Отказ был связан не только с утомлённостью. Как и отвращение к «публичности». Он должен был — во что бы то ни стало — сосредоточиться. 17 февраля завершит, наконец, «Этюд-картину», ми-бемоль минор. Последний из написанных — бурный, «апассионатный». В музыке уже различимо дыхание революционного времени.
Впервые все девять новых этюдов исполнит через несколько дней в Питере, вместе с другими этюдами, прелюдиями и вариациями на тему Шопена. Просьба Горького не будет забыта: половину сбора — более тысячи рублей — он отдаст музыкальному фонду, тому самому, где Зилоти числился председателем, а Горький председателем почётным, — в помощь нуждающимся композиторам и их семьям.
* * *
Конец февраля — начало марта 1917-го… Как и многие артисты, художники, литераторы, он не мог не поддаться первому впечатлению: красные флаги, красные банты. Царь отрёкся от престола. Народ воспрянул. Казалось, свобода пришла и для России наступает новое время. Доносились известия о гибели городовых или офицеров. Вооружённые люди всё чаще встречались в пьяном виде, иногда — врывались в дома, разыскивая людей, враждебных революции. Это пока ещё казалось случайностью.

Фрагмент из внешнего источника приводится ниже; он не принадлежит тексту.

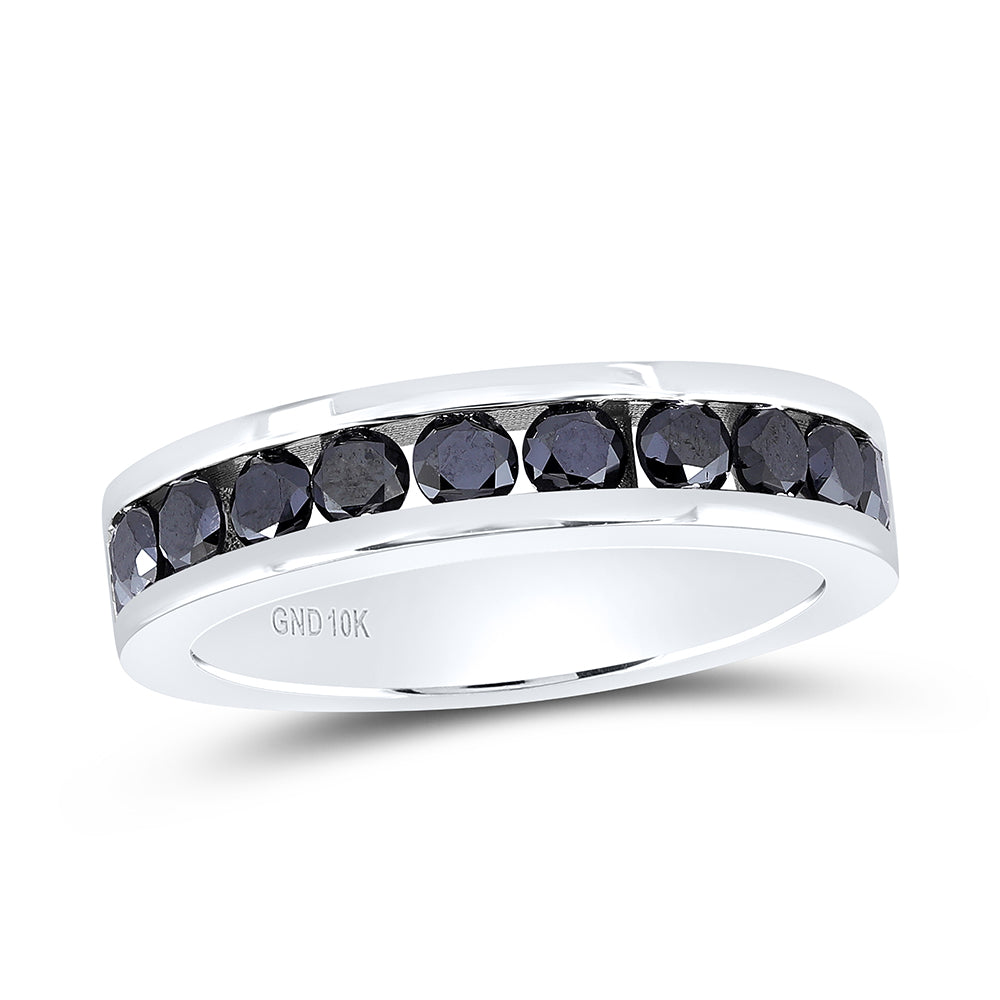 10kt White Gold 1 Cttw Diamond Black Bridal Wedding Engagement Anniversary Womens Band, Women Size: 5-9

Он думает об отечестве. Всё чаще принимает участие в благотворительных концертах. 13 марта в московском театре «Зон» прошёл первый экстренный симфонический концерт под управлением С. А. Кусевицкого. Исполнялся Чайковский. Первая часть симфонии «Манфред», Первый фортепианный концерт, Пятая симфония… Рахманинов солировал. Гонорар — в тысячу рублей — передал Союзу артистов-воинов, сопроводив вдохновенным письмом: «Свой гонорар от первого выступления в стране отныне свободной, на нужды армии свободной, при сём прилагает свободный художник С. Рахманинов».
19 и 20 марта в экстренных симфонических концертах С. А. Кусевицкого он исполнял концерты Чайковского, Листа и свой, Второй. Незадолго до концерта навестил Гольденвейзера. Сергей Васильевич был невероятно взволнован: ещё не привык играть чужие произведения. Советовался, что же представить на бис. Поразил собеседников не только неожиданным знанием самых разнообразных произведений, но и невероятным мастерством: под его пальцами каждая пьеса звучала так, словно он давно всё подготовил. Но выбрал «Хоровод гномов» Грига, который как раз не знал. И на сцене бисировал им вместе с Двенадцатой рапсодией Листа, и с редким совершенством.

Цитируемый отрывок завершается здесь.